**Task item**
Write out the entries below exactly, starting at the first line and stopping after the line that contains "ケープカラー リボン [20369]"; skip all pictures.

**Data provided**
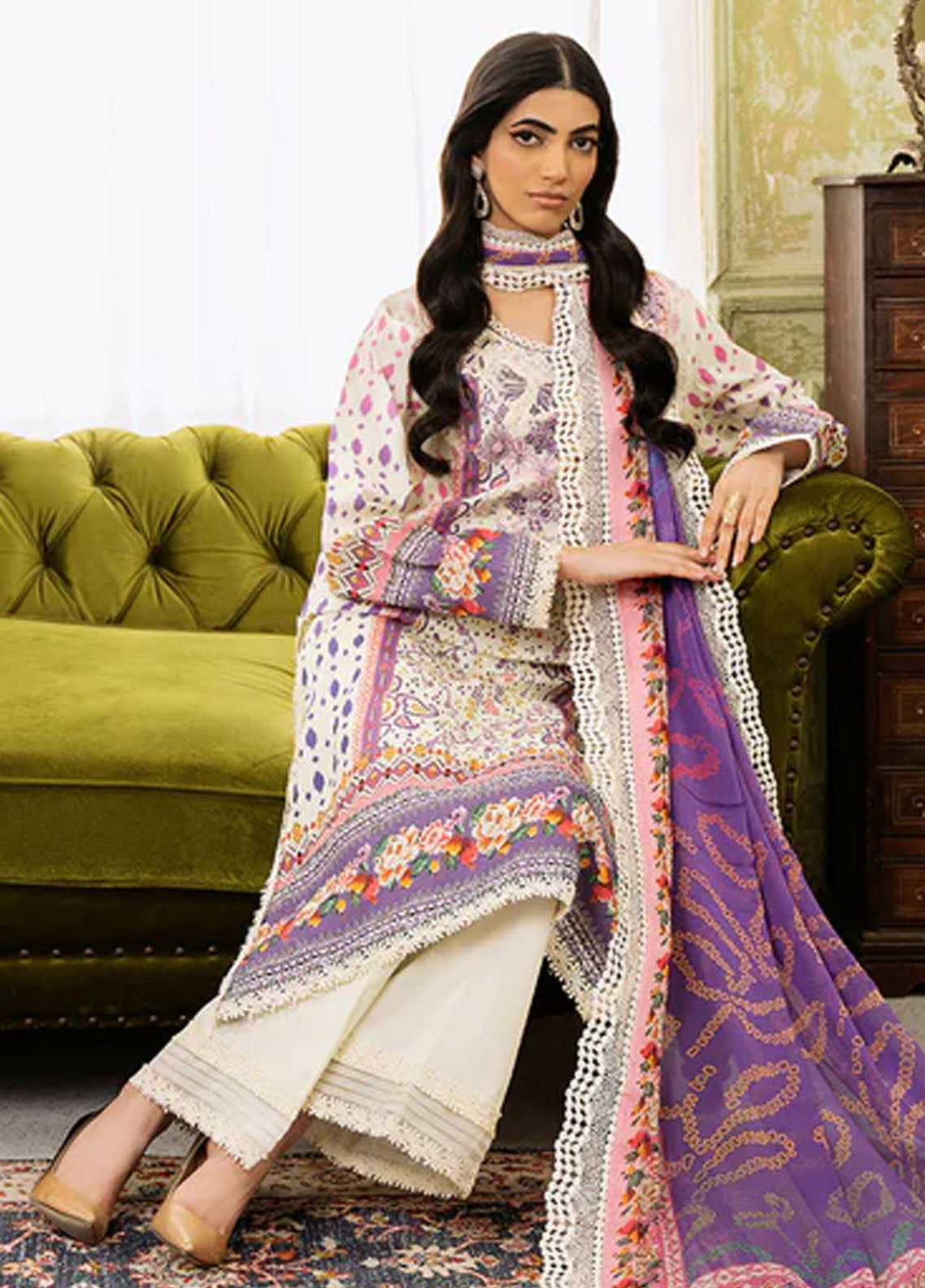 Flora by Roheenaz Unstitched Printed Lawn Collection 2024 RNP-06B Evangeline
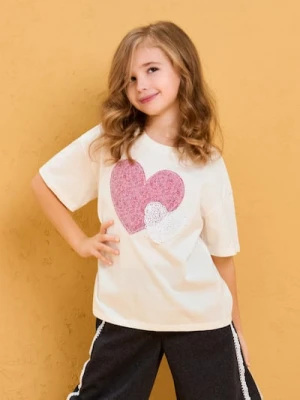 Sinsay - Koszulka z nadrukiem kwiatowym w kształcie serca z koronkową wstawką - kremowy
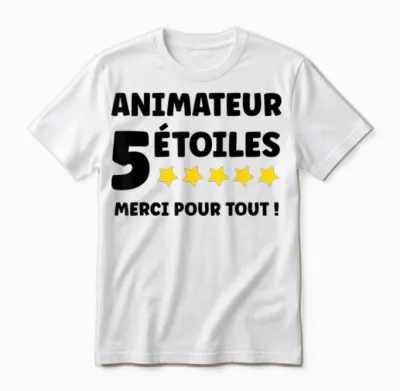 School Extracurricular Animator 5 Stars Merci Animateur Unisex T-Shirt - White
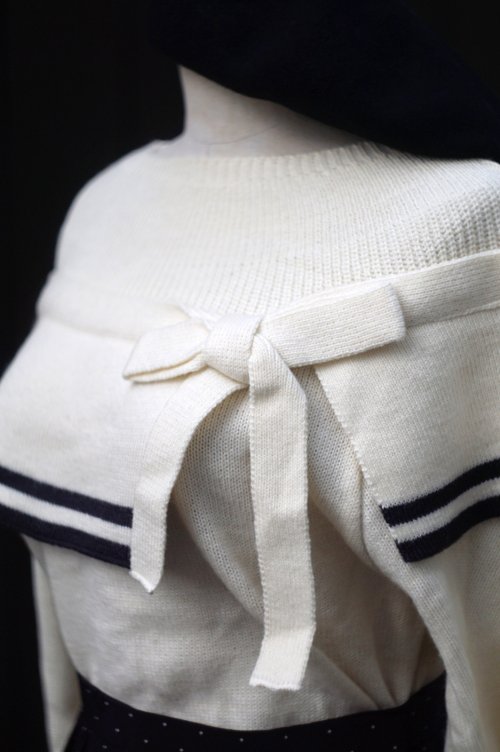 他の写真1: ”FAIRY POP” ウール混 白系 ニット セーター ケープカラー リボン [20369]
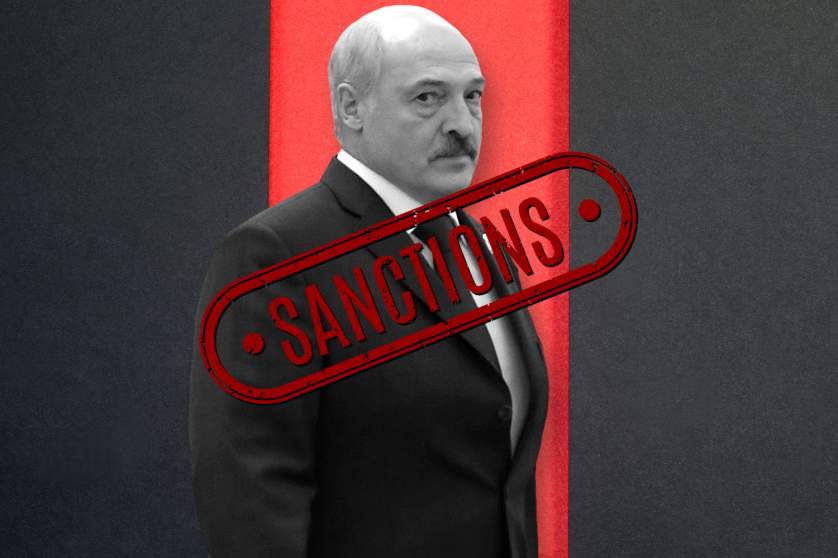 Photo of Lukashenko with a sign "Sanctioned"
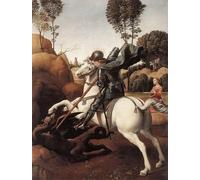 YIMACBJXX De Célèbres Tableaux Decoration Toile Graffiti Art Mural Saint Georges et le Dragon de Raphaël Toile Wall Art Pour les Décorations pour la Maison 60x90cm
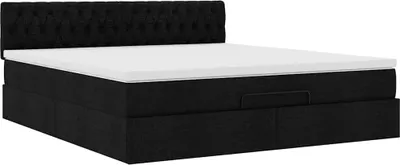 Produktbild von Ottoman-Bett mit Matratze Schwarz 180x200 cm Stoff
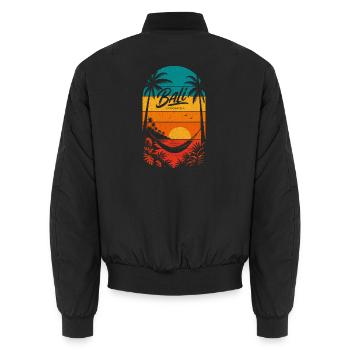 Bali Indonesien Retro - Unisex Bomberjacke - Schwarz - Hinten - AI Model Male 185 light (185cm)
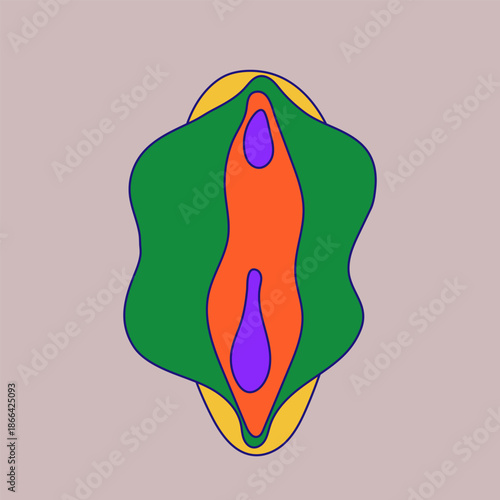 Stylized anatomical vulva, vagina motifs in clean, educational. Female reproductive system. Repeat pattern for women’s health awareness, medical design, education, biology themes.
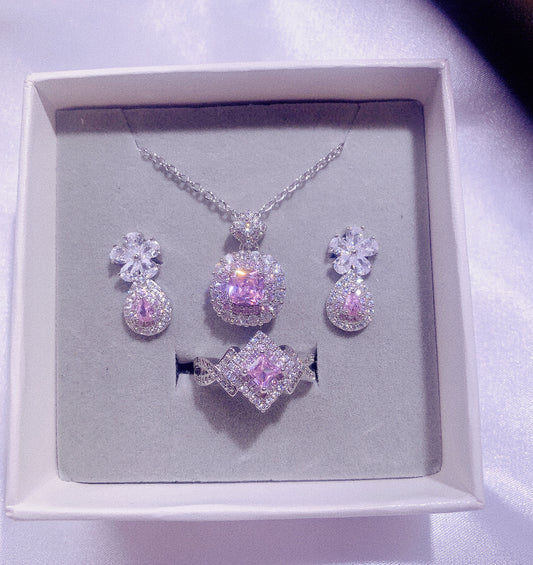 NO.65-Fashion Jewelry for Women, Pink Trio Set, Sparkling Formal Necklace, Small Flower Earrings, Pink Diamond Ring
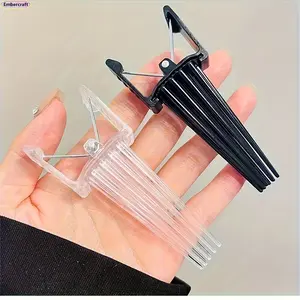 2PCS Unisex Nylon Hair Root Volumizing Clips - Invisible Hair Volumizer Tool for Crown Lift, Curtain Bangs, Fluffy Volume; Ideal for Daily Styling, Wedding Use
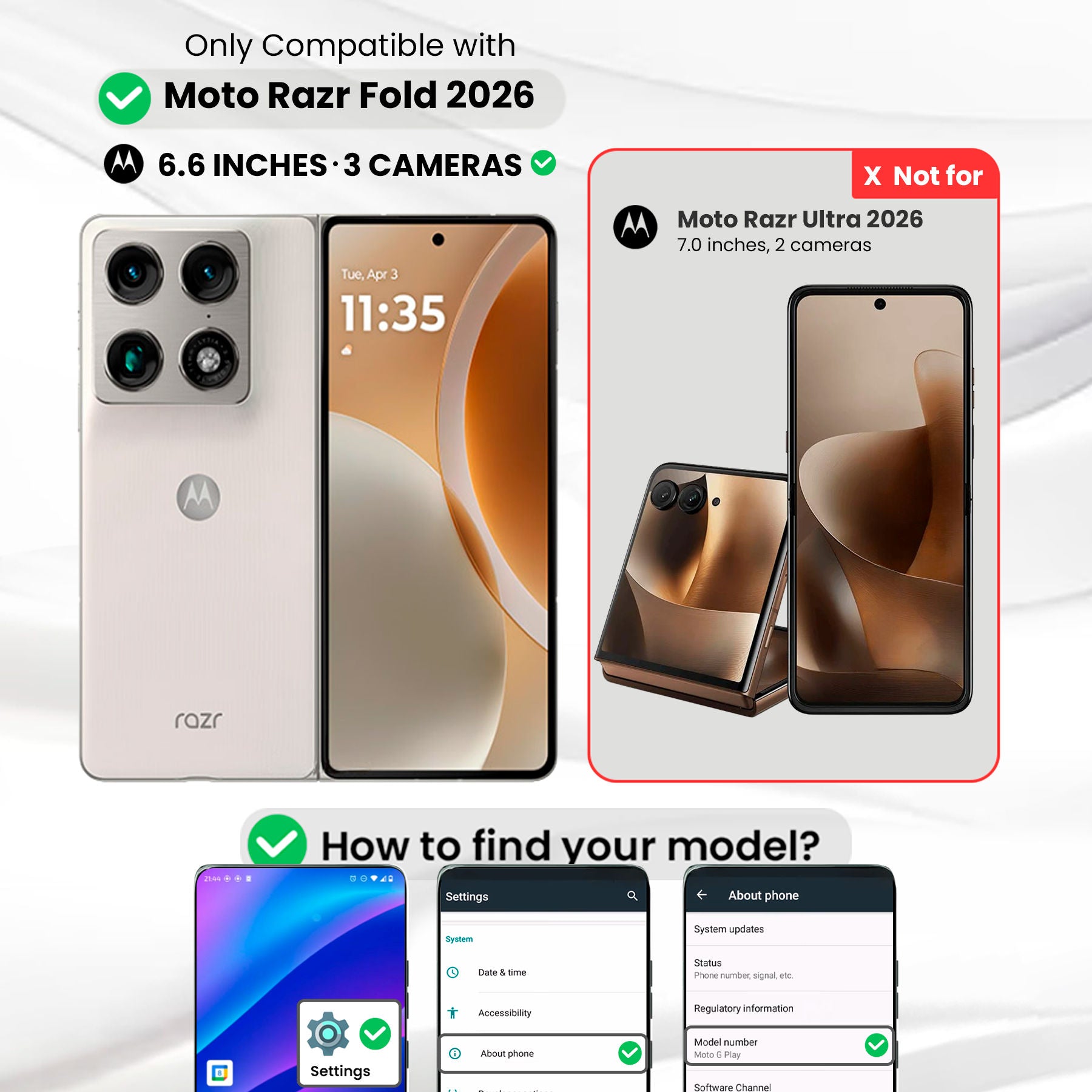 Entronix [Magnetic] Case Compatible with Moto Razr Fold 2026 - [Hard Back] Clear Cover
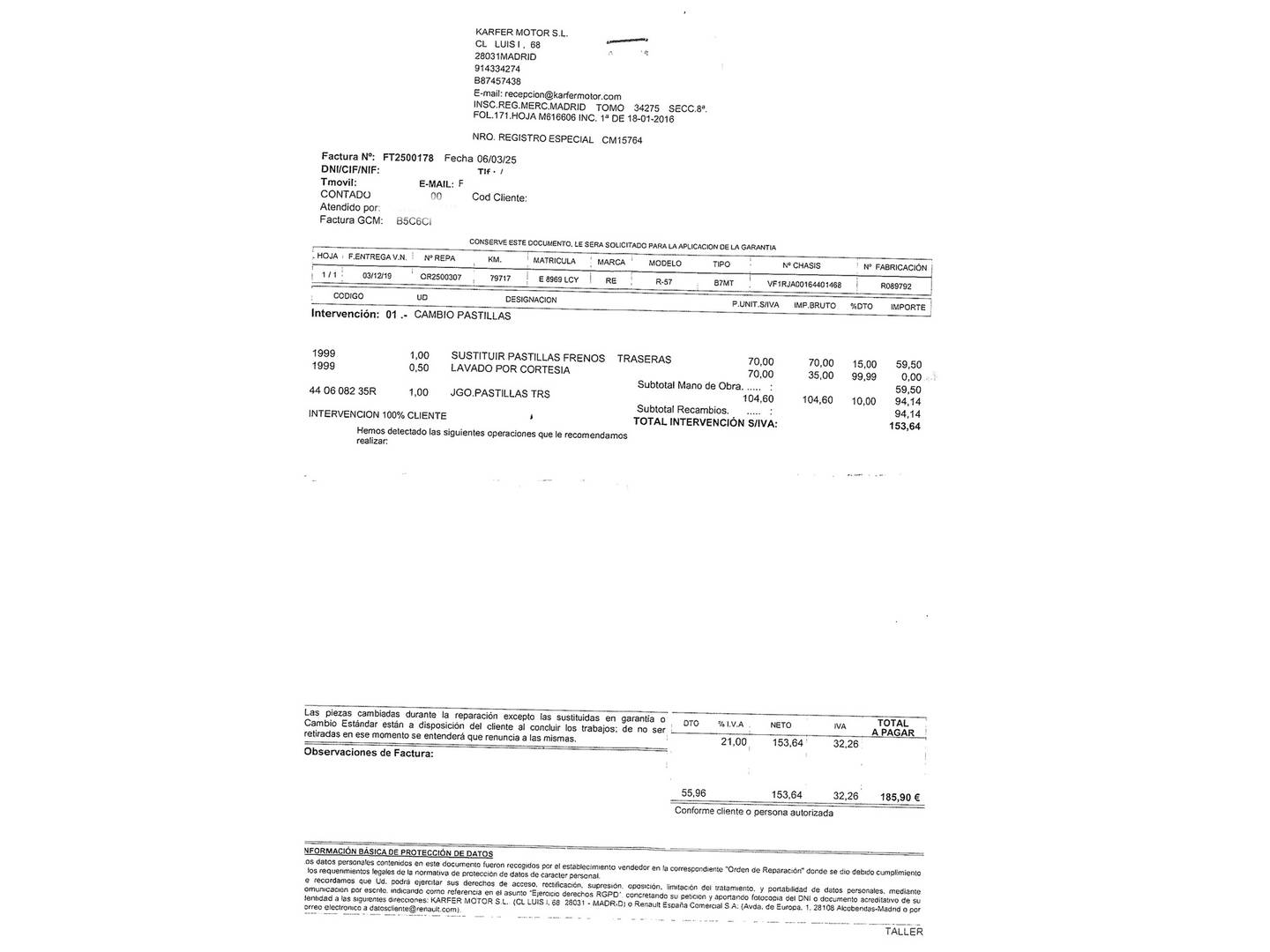 Foto del mantenimiento del Renault Clio Renault Clio 1.5 dCi N-Connecta 4x2 (110 CV)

**Expected output**
 Flora by Roheenaz Unstitched Printed Lawn Collection 2024 RNP-06B Evangeline
 Sinsay - Koszulka z nadrukiem kwiatowym w kształcie serca z koronkową wstawką - kremowy
 School Extracurricular Animator 5 Stars Merci Animateur Unisex T-Shirt - White
 他の写真1: ”FAIRY POP” ウール混 白系 ニット セーター ケープカラー リボン [20369]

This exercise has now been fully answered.